A New View of Statistics

© 2000 Will G Hopkins

Go to: Next · Previous · Contents · Search · Home

Summarizing Data:
PRECISION OF MEASUREMENT continued

APPLICATIONS OF VALIDITY
The applications are: tweaking up the sample size for a cross-sectional study, assessing an individual to predict her/his criterion value, comparing the validity of measures (to select a good one), and deciding whether a measure is valid enough for monitoring for changes in an individual's criterion value. I also consider sample size for validity studies on this page.

Sample Size for a Cross-Sectional Study
Just as reliability affected sample size in experimental or longitudinal studies, validity impacts sample size in descriptive or cross-sectional studies. In such studies, you measure each variable only once, and your outcomes are relationships between the variables. The lower the validity, the more the relationships are degraded, so the bigger the sample size you need to characterize them. For this application it's easier to discuss the effects of validity by considering the validity correlation rather than the typical error of the estimate.

The effect on the magnitude of the relationship between variables is proportional to the validity correlations of each variable. For example, suppose you are interested in the relationship between physical activity and health, and suppose that the true underlying relationship corresponds to a correlation of 0.50. If your measure of physical activity has a validity correlation of 0.7, then in your study of health and physical activity you will observe a correlation of only 0.5x0.7, or 0.35 (plus or minus sampling error, of course). The sample size required to detect a degraded relationship is inversely proportional the square of the validity correlation coefficient of each variable in the relationship. In our example, 1/0.70² = 2.0, so you have to double the number of subjects. That's bad news, because most psychometric and subjective behavioral measures appear to have validities of 0.7 at best. Objective measures taken on lab instruments or in the field usually have validities of 0.8-0.9 or better, so you can often ignore the effect of validity of such variables on the magnitude of effects and the required sample size. Go to the section on sample size for cross-sectional studies for more information about the actual sample sizes you need.

Assessing an Individual
When you use a prediction equation to estimate a criterion value from a practical value (e.g., body fat from a sum of skinfolds), you should take into account the typical error of the estimate in much the same way as you do the typical error of measurement for a single measurement. You use the same factors to generate the likely range of the predicted value of the criterion (the factors for a single measurement in the table), but you multiply them by the typical error of the estimate. If the typical error is based on a study of less than 50 subjects, you will need to use a new-prediction error instead of the typical error, as explained earlier. The calculations are in the appropriate section of the spreadsheet for assessing an individual.
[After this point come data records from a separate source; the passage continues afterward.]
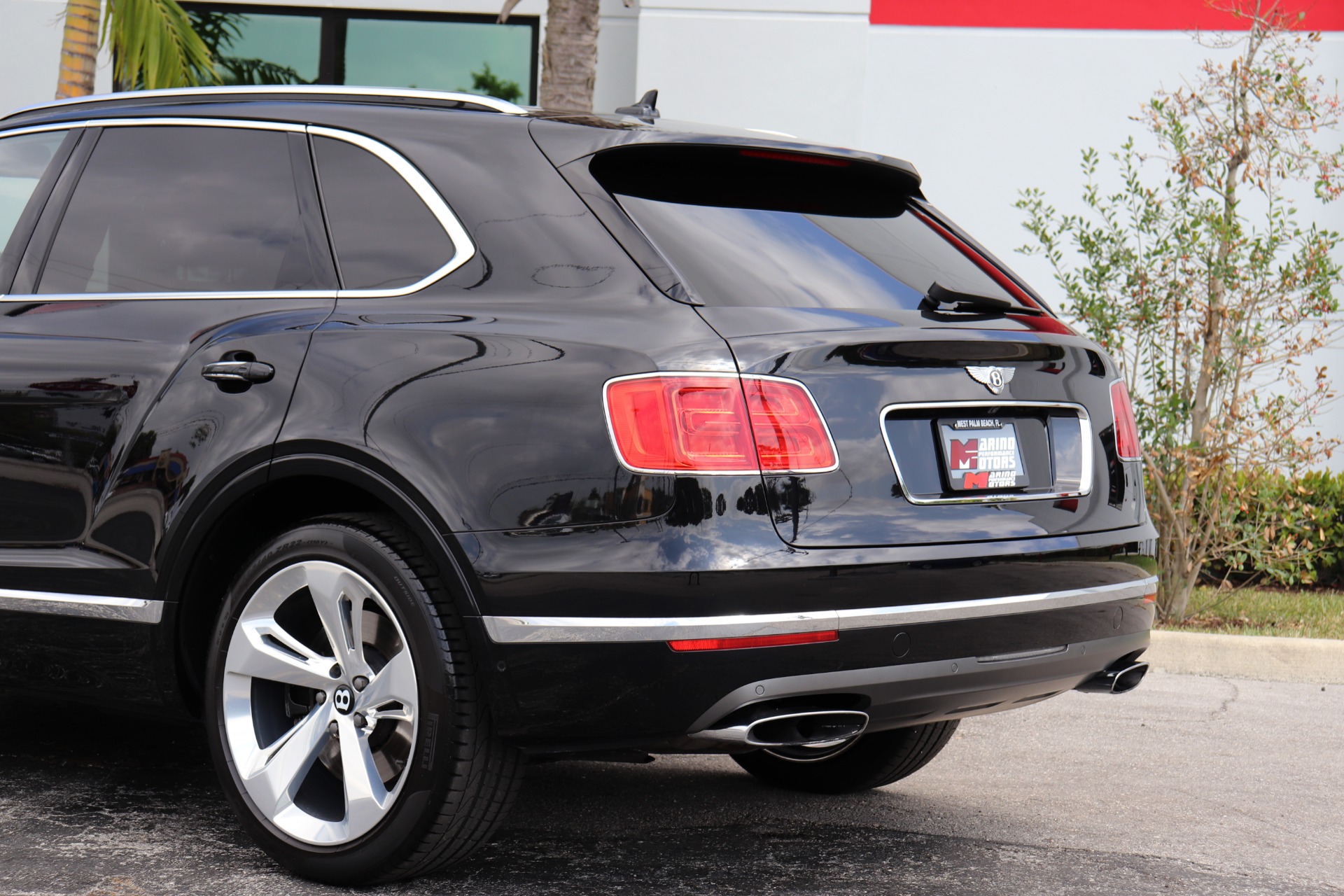 Used-2018-Bentley-Bentayga-W12-Signature-Edition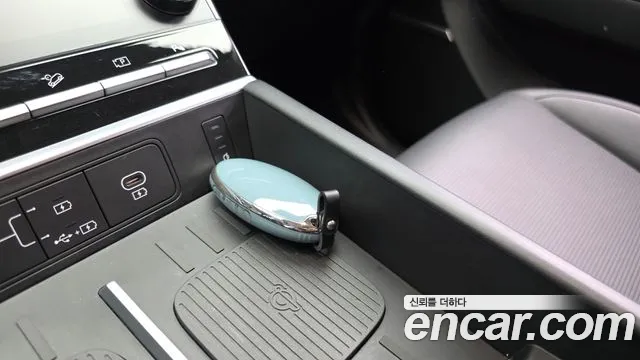 2024 Hyundai Santa Fe (MX5) Gasoline 2.5T 2WD Sold VIN KMHP381LGRU024513 – exterior detail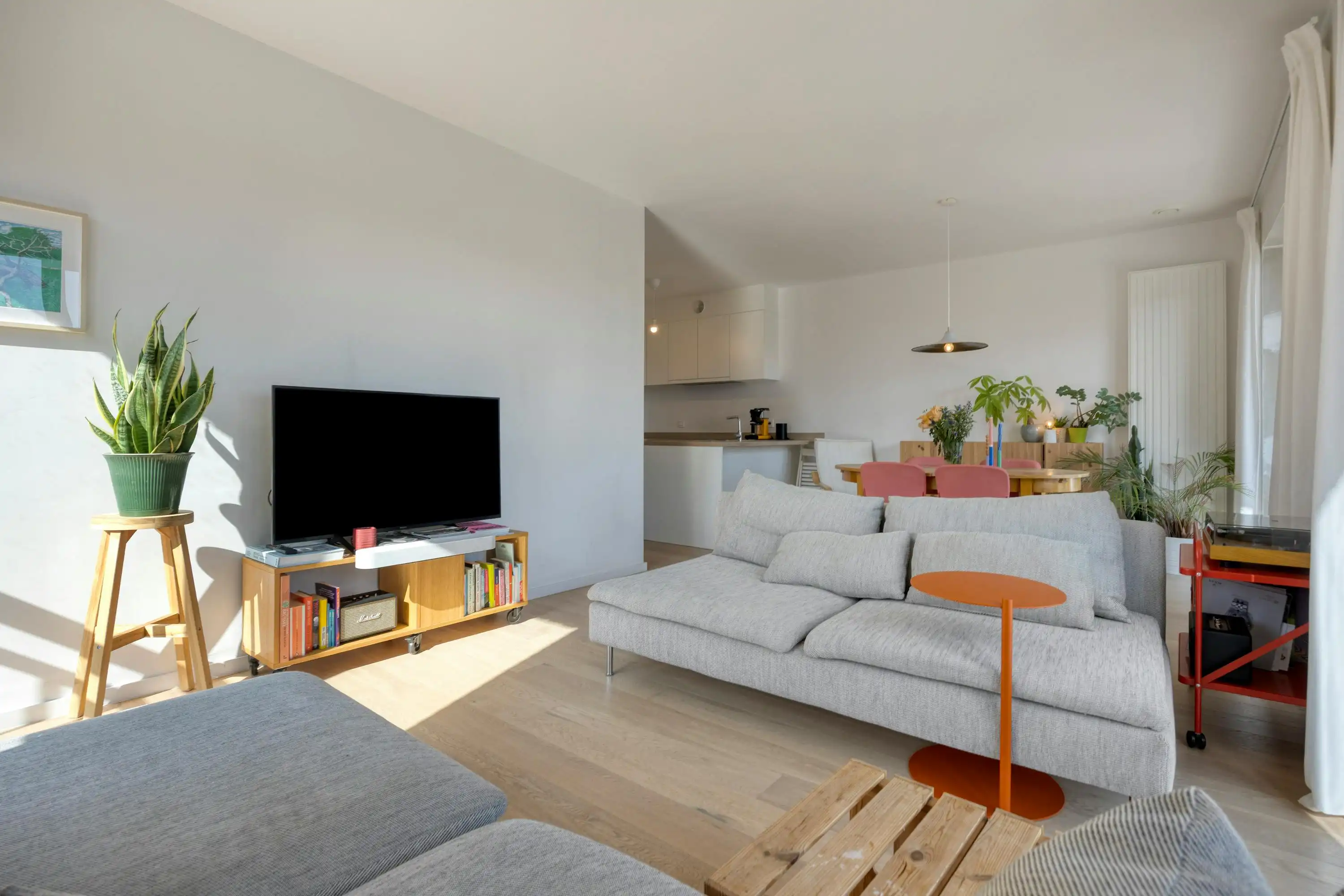 Lichtrijk twee-slaapkamer appartement op site Tour&Taxis foto 7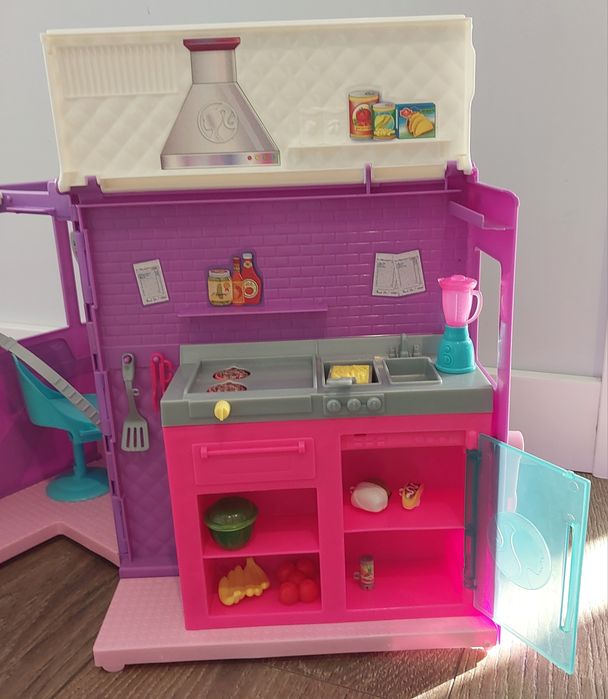 Barbie Food Truck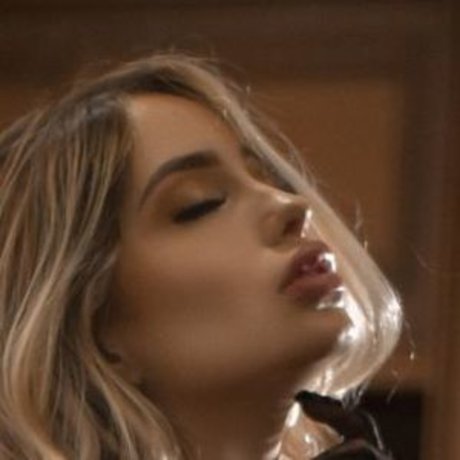 Dani Tabares onlyfans nude pics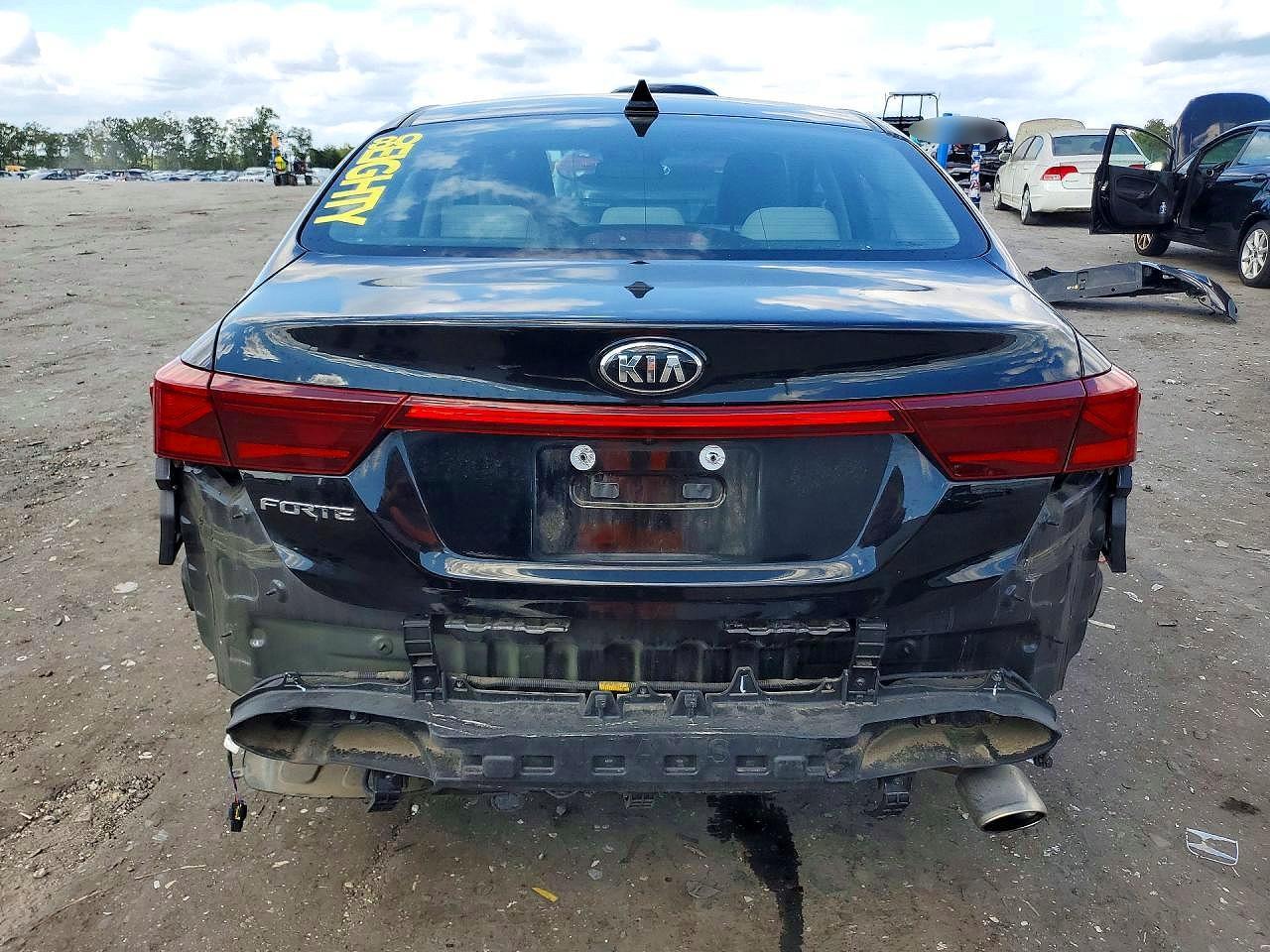 2021 KIA FORTE LXS — Фото 6 из 12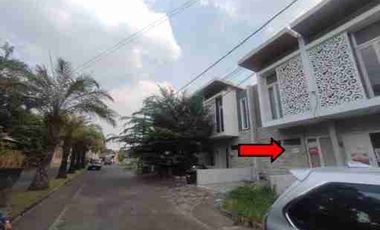 Dijual murah via lelang rumah di puri Safira Menganti Gresik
Example: You measure a client's skinfolds. You dig around in the literature and find an estimation equation that was developed for predicting body fat as a percent of body mass (%BM) in a large number of subjects similar to your client. The client's predicted body fat is 26.4 %BM, and the typical error of the estimate for the equation based on a large sample of similar subjects is 2.1 %BM. From the table in the section on reliability, the factor to multiply by the typical error for an 80% likely range is 1.28, which makes the limits 26.4 ± 1.28x2.1, or 23.7 to 29.1. You say to the client: "Your predicted body fat is 26.4 %BM, but the odds are 4 to 1 that your true (DEXA) body fat is somewhere between 24 and 29 %BM." Use the spreadsheet to generate these limits, and also the likelihood that the client's true value is greater than some reference value. For example, the likelihood that her true body fat is greater than 25 %BM is 74%, or odds of 3 to 1.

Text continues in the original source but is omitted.